Six million loyal home and motor insurance holders are overpaying by a total of £1.2bn by staying with their current provider with those on lower incomes among the worst affected.
The Financial Conduct Authority (FCA) found evidence of insurers overcharging long-standing home insurance customers through tactics such as selling policies to new consumers at a discount, then hiking the cheaper home insurance premiums when they renew.
Worryingly the report released today showed that firms specifically target consumers who are less financially-savvy and therefore less likely to switch to a better offer.
For consumers who bought combined contents and building insurance, lower income consumers (below £30,000) pay higher margins than those with higher incomes.
The FCA has estimated that around six million consumers pay around £200 too much on their premiums.
“At Emerald Life we are different.

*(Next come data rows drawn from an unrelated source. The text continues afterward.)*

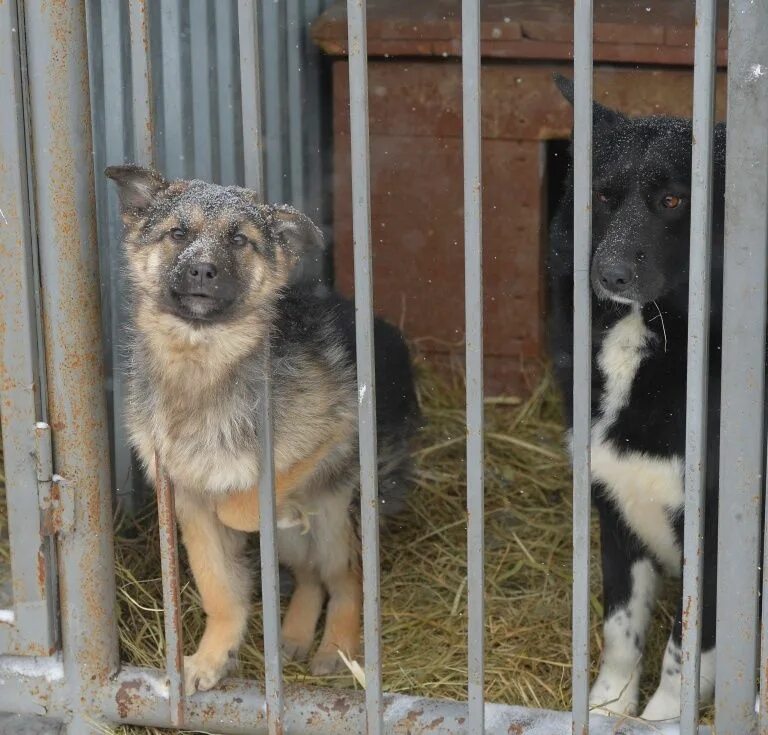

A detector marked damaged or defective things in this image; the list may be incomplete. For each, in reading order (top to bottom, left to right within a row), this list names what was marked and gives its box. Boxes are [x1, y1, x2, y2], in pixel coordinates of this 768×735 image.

rusty metal bar [0, 0, 58, 660]
rusty metal bar [23, 0, 119, 732]
rusty metal bar [154, 458, 186, 728]
rusty metal bar [0, 660, 712, 735]
rusty metal bar [348, 0, 384, 732]
rusty metal bar [568, 0, 592, 732]
rusty metal bar [680, 0, 716, 732]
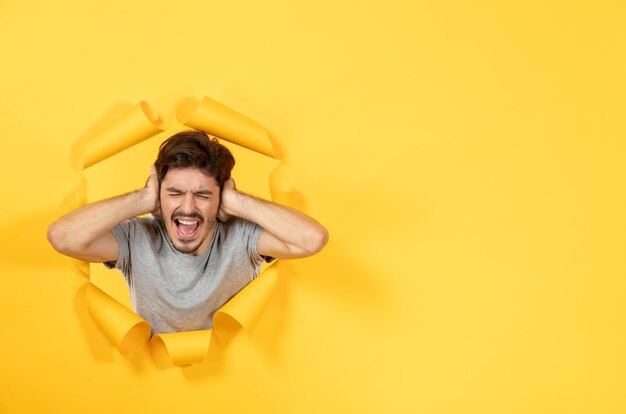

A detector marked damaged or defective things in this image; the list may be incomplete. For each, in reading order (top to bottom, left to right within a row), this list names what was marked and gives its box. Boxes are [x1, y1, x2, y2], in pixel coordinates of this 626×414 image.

ripped yellow paper [72, 96, 292, 366]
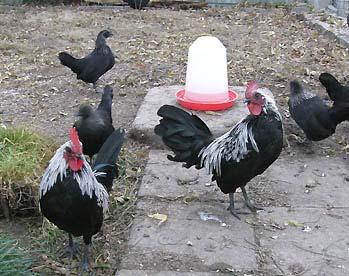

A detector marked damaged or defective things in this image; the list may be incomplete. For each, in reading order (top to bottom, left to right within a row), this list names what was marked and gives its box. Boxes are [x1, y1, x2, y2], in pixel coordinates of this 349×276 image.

cracked concrete slab [129, 85, 249, 147]
cracked concrete slab [256, 207, 348, 276]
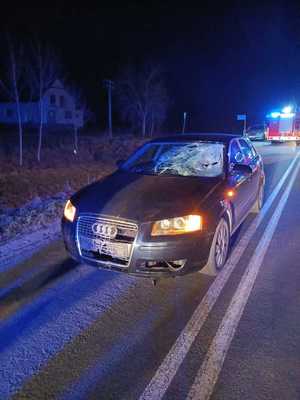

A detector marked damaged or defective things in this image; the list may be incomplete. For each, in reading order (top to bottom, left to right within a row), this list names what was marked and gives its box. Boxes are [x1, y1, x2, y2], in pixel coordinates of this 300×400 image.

shattered windshield [123, 141, 224, 177]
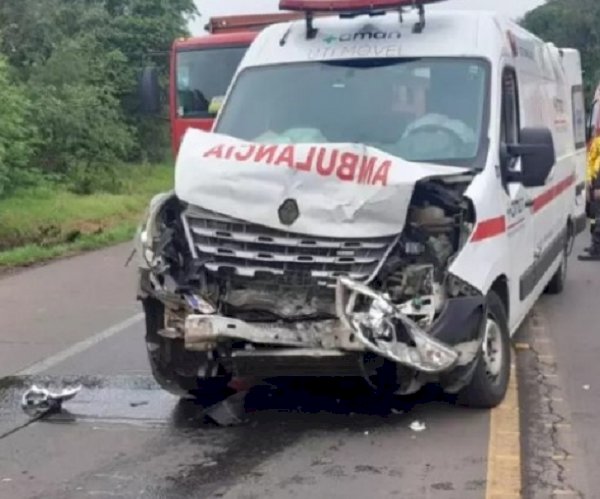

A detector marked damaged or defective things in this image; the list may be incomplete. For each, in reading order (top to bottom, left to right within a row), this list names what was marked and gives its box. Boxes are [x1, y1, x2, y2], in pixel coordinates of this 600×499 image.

bent grille [183, 205, 398, 288]
crumpled hood [176, 131, 472, 240]
crashed ambulance [135, 0, 584, 410]
damaged front bumper [182, 278, 482, 376]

We offer a fairer and more equal experience to all our customers,” said Heidi McCormack, CEO and Co-founder of Emerald Life – the insurance startup dedicated to diversity and inclusion. “We do not mimic other insurers by hiking renewals for our most loyal customers.”
Christopher Woolard at the FCA said: “This market is not working well for all consumers. While a large number of people shop around, many loyal customers are not getting a good deal. We believe this affects around six million consumers.
“We have set out a package of potential remedies to ensure these markets are truly competitive and address the problems we have uncovered. We expect the industry to work with us as we do so.”